### Work to be completed
You are asked to reproduce the listing exactly and to omit its pictures.

### Material provided
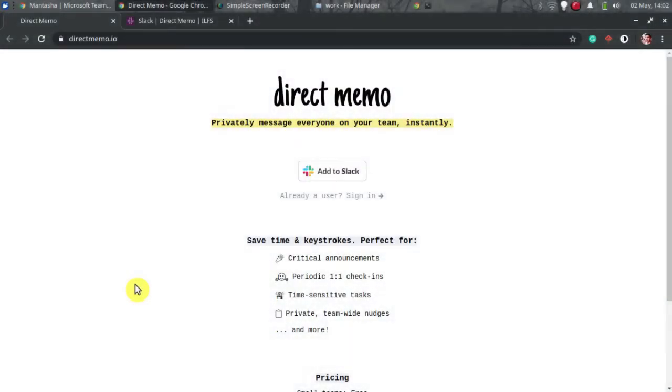Let's get started. Direct Memo is a Slack app that lets you do that. Here you can create a message in any channel with this app and then send it to all members quickly as a separate direct message.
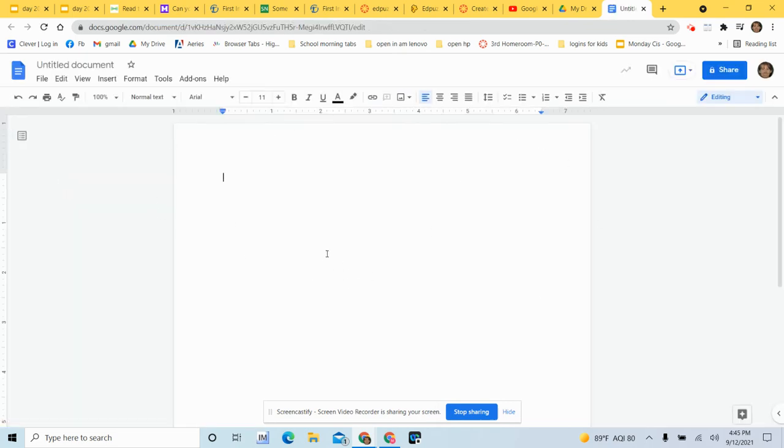So as you watch the video, there's gonna be a place where there's a blank page. That's how you get there. All right.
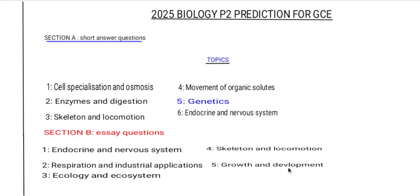The last Section B topic is growth and development. Know the two types of germination, and also the structure of the monocotyledon and dicotyledon. That covers everything — thanks for watching.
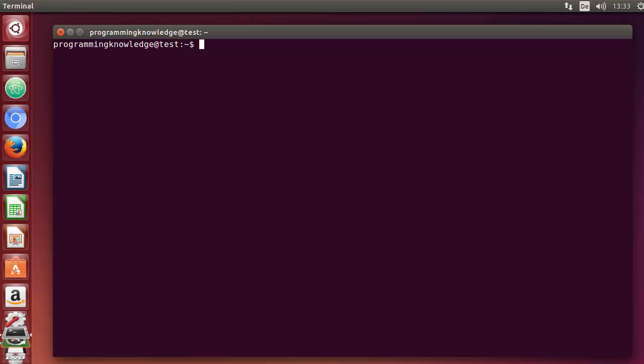Hey guys, welcome to the next video on the Linux command line tutorial for beginners. In this video I'm going to show you how we can use the head and tail commands in Linux.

### Solution for this exercise
Let's get started. Direct Memo is a Slack app that lets you do that. Here you can create a message in any channel with this app and then send it to all members quickly as a separate direct message.
So as you watch the video, there's gonna be a place where there's a blank page. That's how you get there. All right.
The last Section B topic is growth and development. Know the two types of germination, and also the structure of the monocotyledon and dicotyledon. That covers everything — thanks for watching.
Hey guys, welcome to the next video on the Linux command line tutorial for beginners. In this video I'm going to show you how we can use the head and tail commands in Linux.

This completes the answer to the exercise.